**TRY IT:**
Without changing a word, copy every line of the listing below and leave out the images.

═══ MATERIAL FOR THE TASK ═══

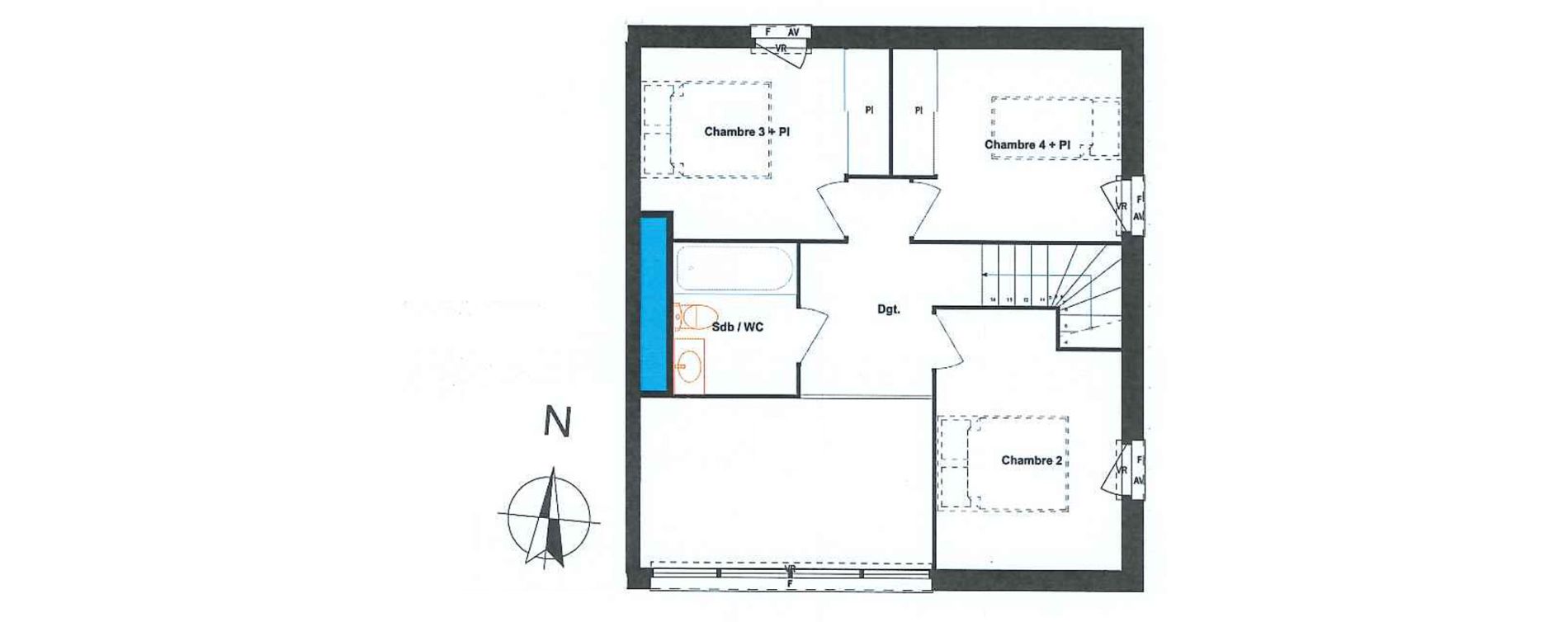 Duplex T5 de 105,99 m2 &agrave; Bourg-En-Bresse Prefecture
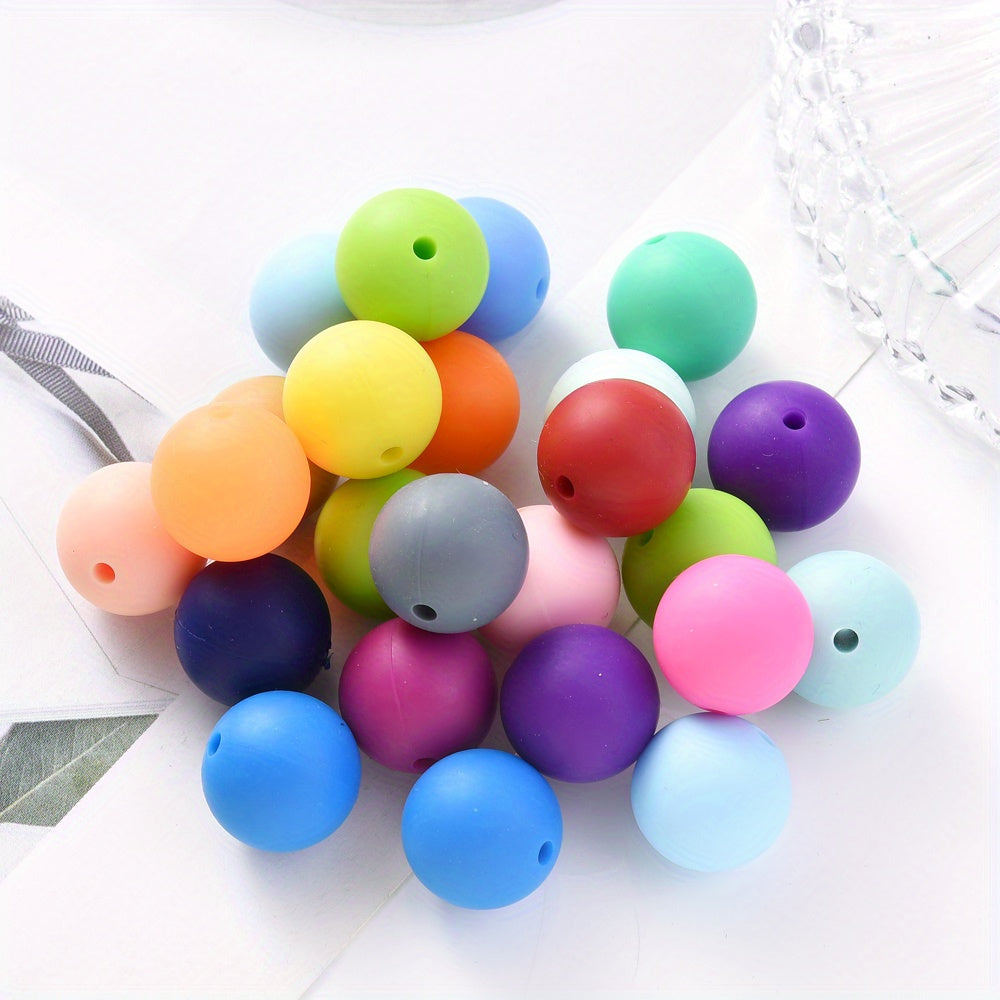 50pcs 12/15mm Rainbow Silicone Round Focal Beads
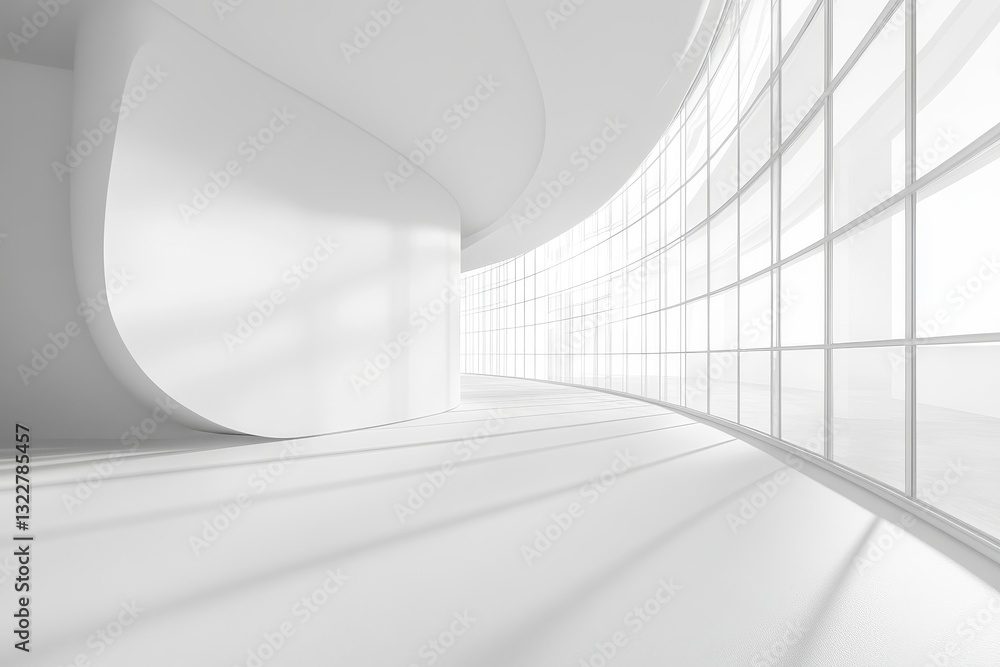 Obraz premium Modern Minimalist Interior Design with Curved Lines and Light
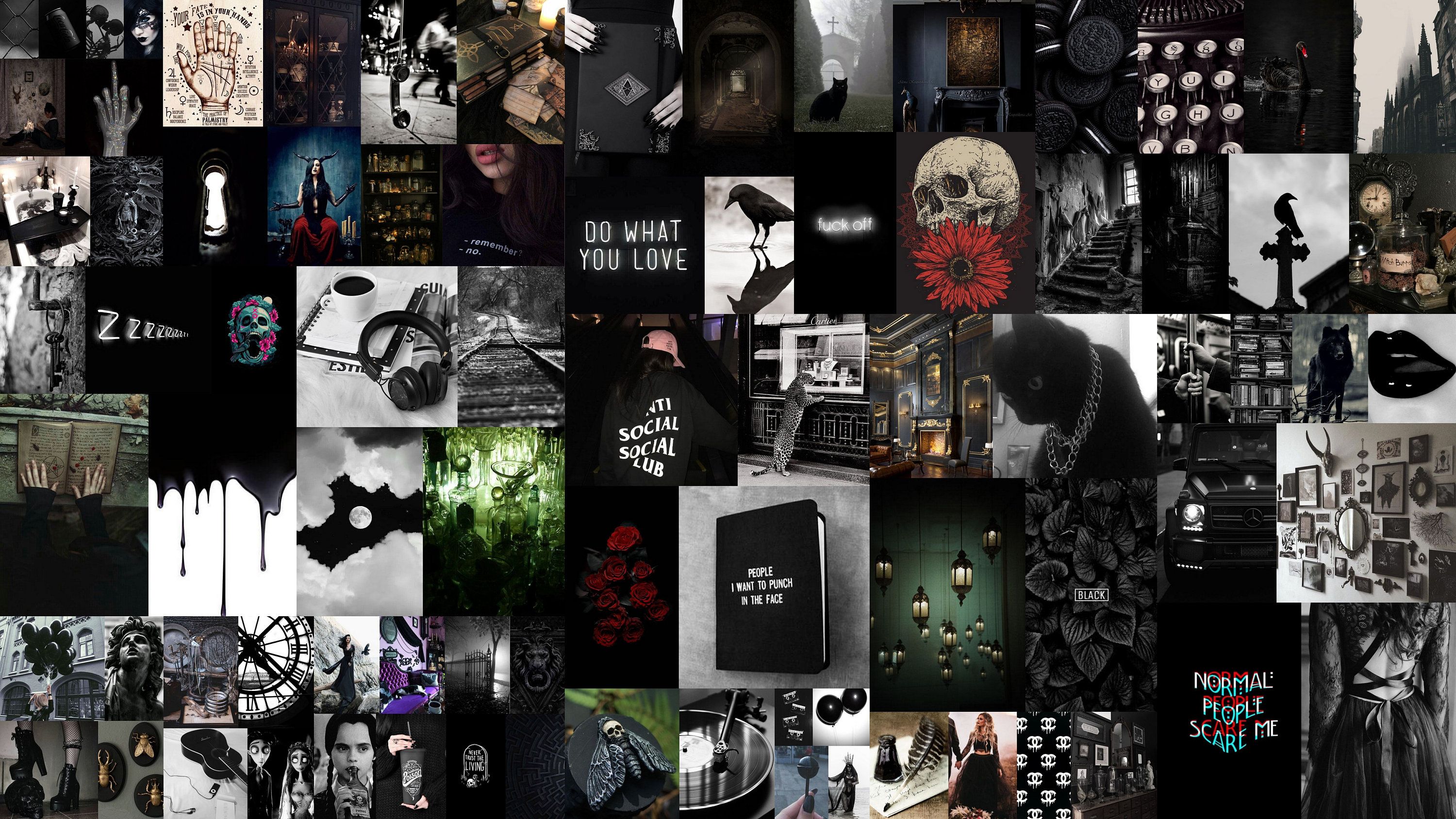 3000x1688 Gothic Collage Aesthetic Wall Collage Kit 80 Pieces Black Gothic Printable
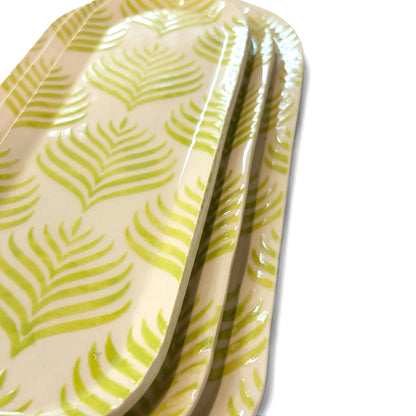 Handmade Set of Trays | Chartruese Green Fern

═══

**SOLUTION:**
 Duplex T5 de 105,99 m2 &agrave; Bourg-En-Bresse Prefecture
 50pcs 12/15mm Rainbow Silicone Round Focal Beads
 Obraz premium Modern Minimalist Interior Design with Curved Lines and Light
 3000x1688 Gothic Collage Aesthetic Wall Collage Kit 80 Pieces Black Gothic Printable
 Handmade Set of Trays | Chartruese Green Fern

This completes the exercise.